La GAZZETTA DEL MEZZOGIORNO
Mercoledì 19 agosto 2009
BARLETTA INTERVENTO DEI RAPPRESENTANTI DEL MOVIMENTO ITALIANO DISABILI
« All’ospedale Dimiccoli va migliorata la dialisi»

Nei giorni scorsi ci sono state lamentele e proteste sul servizio da parte di molti pazienti
• BARLETTA. Dopo le lamentele e proteste da parte di pazienti che sono dializzati, ed in modo più sostenuto da parte di chi è ancora in attesa di poter effettuare dialisi, lo scorso 11 agosto presso il reparto dialisi del presidio ospedaliero «Mons. Raffaele Dimiccoli» di Barletta c’è stato il sopralluogo degli esponenti, rappresentanti e organi referenziali de Movimento Italiano Disabili. E precisamente del presidente nazionale Francesco Ferrara e del responsabile provinciale Francesco Cafagna, i quali al termine della visita-sopralluogo hanno emesso e sottoscritto una nota congiunta.
«Il reparto in oggetto purtroppo è carente dei posti letto necessari a soddisfare la richiesta di ulteriori pazienti che hanno bisogno delle cure, creando quindi disagi agli stessi in quanto costretti a spostarsi presso altre strutture ospedaliere pubbliche o private fuori città, dove e quando c’è disponibilità».
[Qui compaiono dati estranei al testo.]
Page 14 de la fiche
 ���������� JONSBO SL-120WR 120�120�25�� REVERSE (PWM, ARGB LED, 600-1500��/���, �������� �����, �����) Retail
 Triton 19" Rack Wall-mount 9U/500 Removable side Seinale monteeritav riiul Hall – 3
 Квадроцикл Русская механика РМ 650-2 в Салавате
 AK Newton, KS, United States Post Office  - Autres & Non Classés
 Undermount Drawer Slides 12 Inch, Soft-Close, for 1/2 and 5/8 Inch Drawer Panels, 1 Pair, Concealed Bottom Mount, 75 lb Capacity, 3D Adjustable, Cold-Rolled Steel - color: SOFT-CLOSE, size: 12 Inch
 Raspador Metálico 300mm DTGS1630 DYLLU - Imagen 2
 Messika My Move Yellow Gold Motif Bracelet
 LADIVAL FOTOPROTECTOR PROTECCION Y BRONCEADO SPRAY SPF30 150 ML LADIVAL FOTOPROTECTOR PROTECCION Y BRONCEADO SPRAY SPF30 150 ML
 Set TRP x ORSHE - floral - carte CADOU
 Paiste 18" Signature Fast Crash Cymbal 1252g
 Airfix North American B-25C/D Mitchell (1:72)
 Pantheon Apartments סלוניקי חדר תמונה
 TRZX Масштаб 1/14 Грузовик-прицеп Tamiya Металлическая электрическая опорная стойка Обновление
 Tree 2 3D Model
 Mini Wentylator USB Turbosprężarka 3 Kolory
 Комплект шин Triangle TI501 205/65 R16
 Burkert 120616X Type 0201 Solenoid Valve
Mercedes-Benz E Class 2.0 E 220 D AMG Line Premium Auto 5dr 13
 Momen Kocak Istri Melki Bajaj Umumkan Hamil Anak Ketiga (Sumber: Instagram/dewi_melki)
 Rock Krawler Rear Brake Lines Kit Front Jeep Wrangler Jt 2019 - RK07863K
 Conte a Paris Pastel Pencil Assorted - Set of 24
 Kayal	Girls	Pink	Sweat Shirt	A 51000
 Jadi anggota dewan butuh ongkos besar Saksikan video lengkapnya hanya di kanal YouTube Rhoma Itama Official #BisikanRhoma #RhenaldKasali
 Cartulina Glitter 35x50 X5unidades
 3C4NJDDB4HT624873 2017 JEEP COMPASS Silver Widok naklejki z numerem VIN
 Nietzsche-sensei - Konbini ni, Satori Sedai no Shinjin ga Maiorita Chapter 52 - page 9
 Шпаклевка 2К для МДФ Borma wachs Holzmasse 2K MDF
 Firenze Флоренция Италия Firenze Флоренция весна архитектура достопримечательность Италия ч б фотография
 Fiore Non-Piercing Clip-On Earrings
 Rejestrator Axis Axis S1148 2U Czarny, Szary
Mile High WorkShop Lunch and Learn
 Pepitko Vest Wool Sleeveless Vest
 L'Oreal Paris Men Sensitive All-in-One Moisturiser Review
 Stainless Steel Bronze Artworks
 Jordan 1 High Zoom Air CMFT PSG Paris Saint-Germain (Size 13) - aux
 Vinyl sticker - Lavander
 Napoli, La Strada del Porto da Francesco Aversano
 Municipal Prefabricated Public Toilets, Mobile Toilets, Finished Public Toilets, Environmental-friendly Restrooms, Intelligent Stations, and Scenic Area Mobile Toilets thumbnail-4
«Sappiamo benissimo – sostengono Ferrara e Cafagna -che qui si stanno considerando i problemi di malati cronici, persone non autosufficienti, che spesso necessitano dell’uso della carrozzella, e che quando terminano il proprio turno, stanchi e non nel pieno delle proprie condizioni fisiche escono dalla struttura in modo non confortevole, costretti a subire le angherie del tempo dovute sia al caldo afoso che al freddo ed alla pioggia, e che per giorni alterni devono sottoporsi alle sedute dialitiche».
«Quindi – secondo i due esponenti del citato Movi-
mento Italiano Disabili spostamento in altre città non può fare altro che creare una situazione di ulteriore disagio nei confronti dei pazienti stessi».
Di conseguenza, il presidente e il responsabile provinciale del suddetto movimento ritengono che: «per cercare una soluzione al problema esposto e sopperire a questa emergenza, intendono dare voce a chi voce non ha, e lancia l’idea di incrementare un ulteriore turno di dialisi, considerando che presso altri centri già da tempo viene adottata questa procedura».
Ferrara e Cafagna ribadiscono e concludono: «L’Asl Bat deve impegnarsi ad offrire questo servizio migliore con l’introduzione del terzo turno di dialisi, affiancandolo inoltre della presenza di personale qualificato per ovviare al fabbisogno che la cura richiede e per essere sempre presenti alle necessità dei pazienti».